My home for the week from the outside, with moat and bridge... sigh...

The large central bale in the living area of my joglo. Daybeds on either side allow very comfortable reclining on the bale as well, and the sliding doors overlooking the garden are just visible on the right.

the stairs to the 2nd tier, a bale at the edge of the garden, the gate just visible leading to the rice paddies in the background...

Looking from the pool back along the irrigation canal to our joglos...

The bamboo footbridge from the paddies into the jungle and on to Mas. When I actually tried it the bamboo split under my feet, and as the gulley appeared bottomless, we retreated.

This is why these are called infinity pools over here...

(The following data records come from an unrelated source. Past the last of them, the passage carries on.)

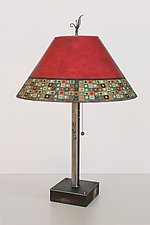 Mosaic Steel Table Lamp on Wood by Janna Ugone (Mixed-Media Table Lamp)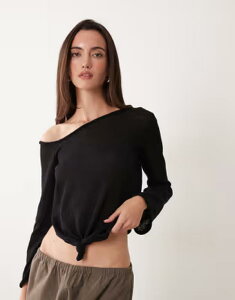 �~�X�Z���t�t���b�W ���f�B�[�X �A�E�^�[ �j�b�g�E�Z�[�^�[ �V�A�[ Misselfridge sheer knit knot detailong sleeve top Black �u���b�N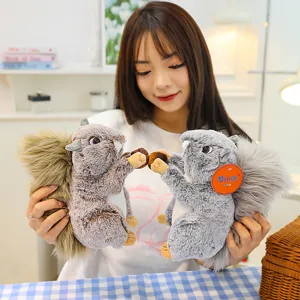 Realistic squirrel plush toys couple holding nuts fluffy stuffed animal toy for kids birthday gift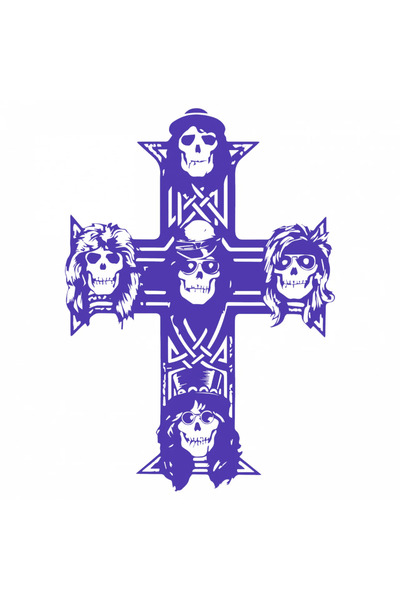 INOVATIX Set de 8 autocolante cu cruce și craniu Guns N' Roses, INOVATIX®. 6 cm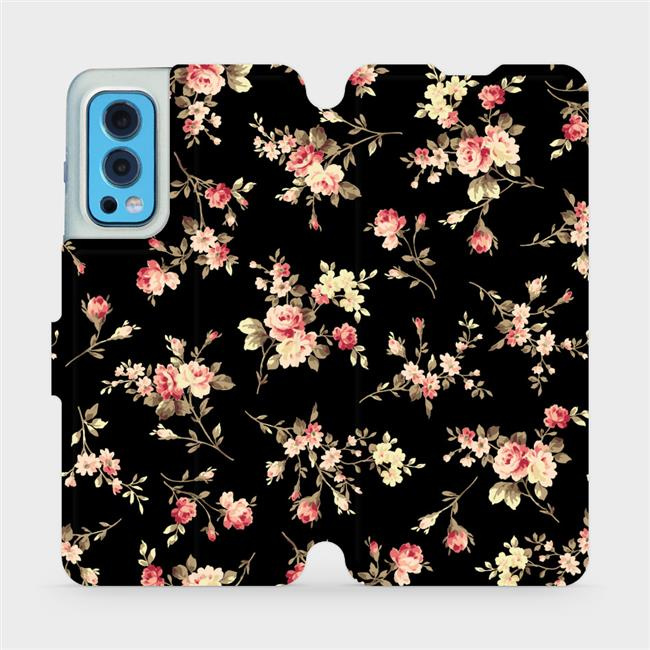 Flipové pouzdro Mobiwear - OnePlus Nord 2 5G - VD02S Květy na černé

Visiting the still inhabited royal compund in Ubud, I brushed this assassin from my arm before I knew what it was. It pays to be hairy sometimes.

And the band played on...

So I recline and listen to all these shades of green... until tonight, four distinct frog types worked in concert with both a gamelan orchestra in the jungle town across the river, and the gentle jazz I often have going quietly behind me, while the rapid rhythmic drone of small winged beings did the rest of the soothing work. I am sure the conversations of the frogs are influenced by the quality and volume of the music. There is often an odd harmony, as if all are working from the same score, and perhaps they are, a cosmic one. Human music or not, the jungle sounds grow deafening over time, the way any sound does to human ears in the absence of conversation. And the louder they become, the more tranquil this world. These sounds, even the human ones, are at least two thousand years old. Gamelan is basically gentle orchestrated percussive music produced by anything that makes music when struck, whether or not music was it’s original purpose: coconuts, cauldrons, could be whatever. No gamelan orchestra sounds like another, but the effect is invariably like a family of independent wind chimes expressing their love for each other. In everything there is a comic element, and I find it here in the presence each night, even occasionally tonight, of the “sorry” frog, performing his occasional “sorry”-sounding repetitions, perhaps because he or she isn’t very musical. It’s all quite glorious, but reading a volume of short stories about Dutch colonists losing their sanity in this cacophonous verdure over months and years sends an eerie serpent slithering down my spine. How much enforced serenity can a foreigner (“bule” -- BOO-LAY) endure?

One example of part of a Gamelan orchestra.

Here a Legong Dancer performs with the Gamelan Orchestra on the grounds of the still inhabited Ubud Royal Palace.

Celebrate good times! Come on!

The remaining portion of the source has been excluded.